Conserve — Consume less; waste less. Take only what you need. Fight for a society where conserving is easy, such as having good public transportation.
Help other people and living things — share and take care of those in need. Close prisons; establish a universal basic income (UBI) and an ecological jobs program, which would replace destructive jobs with work that renews the land, infrastructure, and water.
Avoid toxic chemicals — Oppose their use and manufacture, whether industrial, agricultural or for housecleaning. Don’t use them yourself. They poison plants, animals, land, water, and us.

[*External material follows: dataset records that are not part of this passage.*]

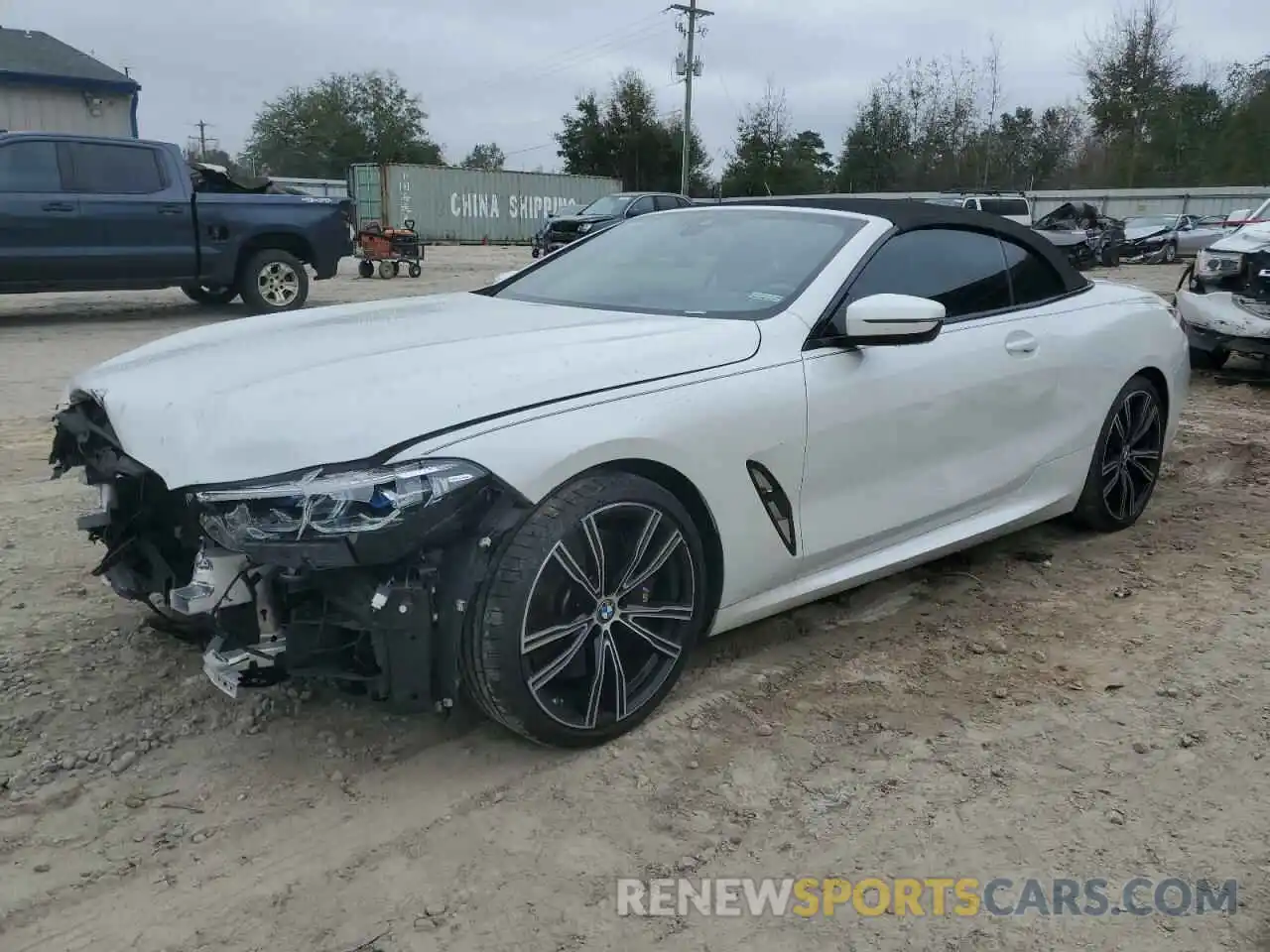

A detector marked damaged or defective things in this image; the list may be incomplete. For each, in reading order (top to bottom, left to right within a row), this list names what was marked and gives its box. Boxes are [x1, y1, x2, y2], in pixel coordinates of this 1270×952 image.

wrecked vehicle [0, 132, 353, 311]
wrecked vehicle [1032, 202, 1119, 270]
wrecked vehicle [1119, 213, 1230, 264]
wrecked vehicle [1175, 196, 1270, 369]
damaged white bmw [1175, 196, 1270, 369]
crushed front end [52, 391, 528, 710]
broken headlight [193, 458, 486, 547]
damaged white bmw [50, 197, 1191, 746]
wrecked vehicle [52, 200, 1191, 746]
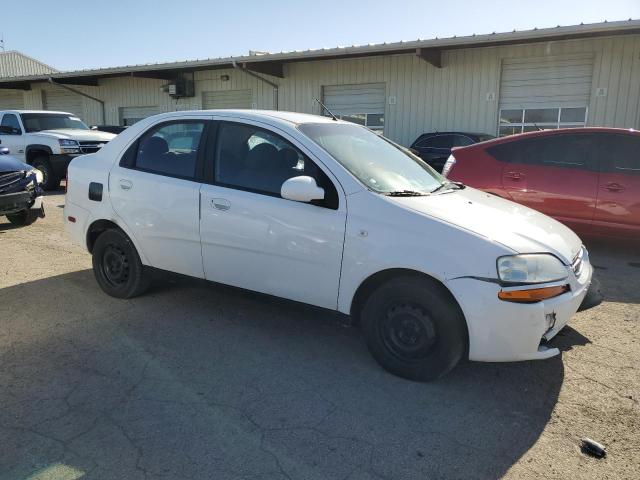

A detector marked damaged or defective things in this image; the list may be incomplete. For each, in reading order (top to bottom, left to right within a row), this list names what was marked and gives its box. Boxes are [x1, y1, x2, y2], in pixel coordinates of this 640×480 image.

cracked asphalt [1, 192, 640, 480]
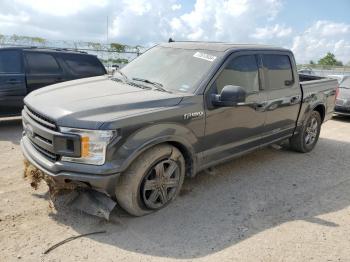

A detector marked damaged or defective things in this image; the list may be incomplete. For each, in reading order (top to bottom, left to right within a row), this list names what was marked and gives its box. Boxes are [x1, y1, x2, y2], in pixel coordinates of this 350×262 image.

detached bumper piece [23, 161, 116, 220]
damaged front bumper [21, 135, 121, 196]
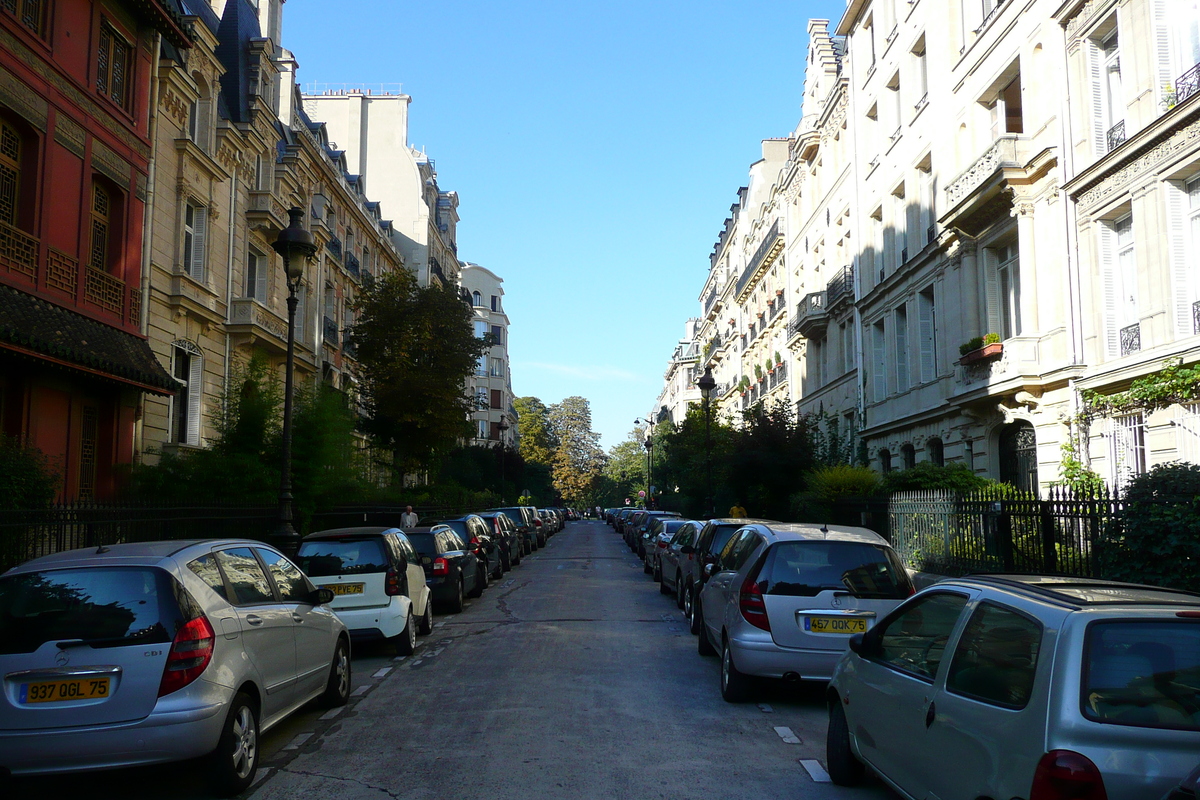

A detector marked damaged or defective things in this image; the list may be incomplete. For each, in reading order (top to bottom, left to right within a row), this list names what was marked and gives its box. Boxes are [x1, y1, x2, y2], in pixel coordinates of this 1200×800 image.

pavement crack [272, 767, 403, 796]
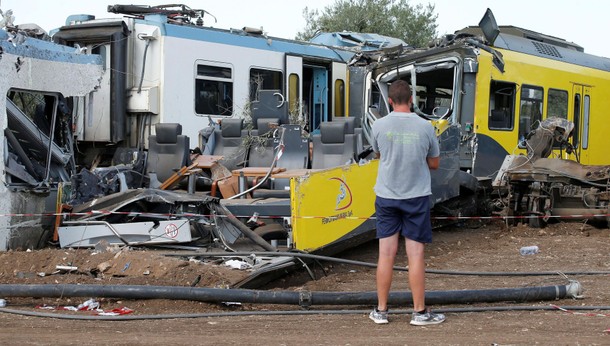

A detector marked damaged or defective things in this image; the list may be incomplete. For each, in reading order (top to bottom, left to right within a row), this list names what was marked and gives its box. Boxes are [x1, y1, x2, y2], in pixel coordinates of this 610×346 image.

wrecked train car [0, 10, 102, 249]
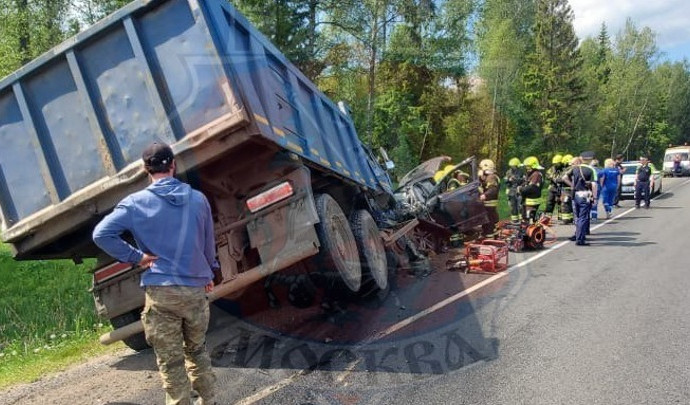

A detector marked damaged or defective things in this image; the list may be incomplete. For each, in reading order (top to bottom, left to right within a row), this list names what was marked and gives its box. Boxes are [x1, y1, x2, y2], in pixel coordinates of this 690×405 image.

overturned dump truck [0, 0, 484, 350]
crashed car [392, 155, 490, 234]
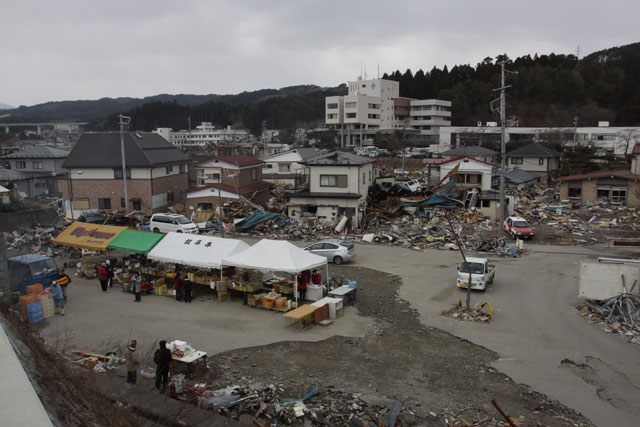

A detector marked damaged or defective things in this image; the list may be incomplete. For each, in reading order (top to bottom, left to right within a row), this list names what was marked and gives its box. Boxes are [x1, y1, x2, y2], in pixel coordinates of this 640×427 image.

damaged house [286, 152, 372, 229]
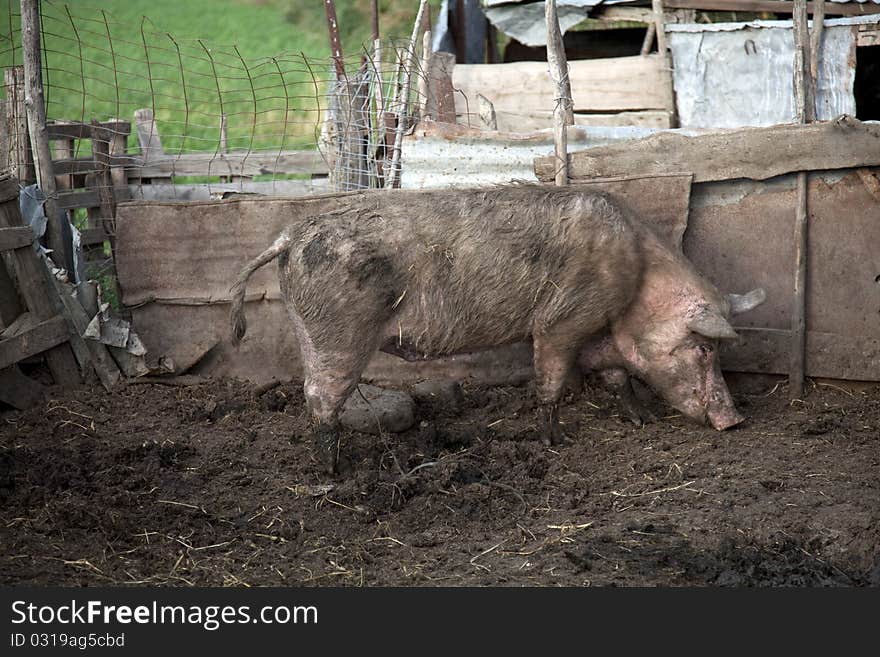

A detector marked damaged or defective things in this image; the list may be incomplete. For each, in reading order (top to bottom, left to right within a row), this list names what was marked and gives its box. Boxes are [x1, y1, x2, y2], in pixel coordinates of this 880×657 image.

Study — Learn about nature from books, websites, elders, and by interacting with animals and plants. You’ll appreciate them more when you know them better. Learn from indigenous teachers when we can.
Spend time in Nature — again much harder in cities, but even a few minutes observing pigeons can teach us things and make us feel more connected to the living world. And when you look, you might notice there is a lot more Nature around than you realize.
This is not about capitalism vs. socialism or about taking shorter showers. It’s about remembering in our hearts where we come from, loving our world as we love ourselves, and fighting for it against a system that is killing it.
And finally, take care of yourself. Give love to your body, the great gift Nature has given you. Don’t focus on accumulating things; enjoy life. We are not going to Mars or anywhere else. We need to live as we belong here.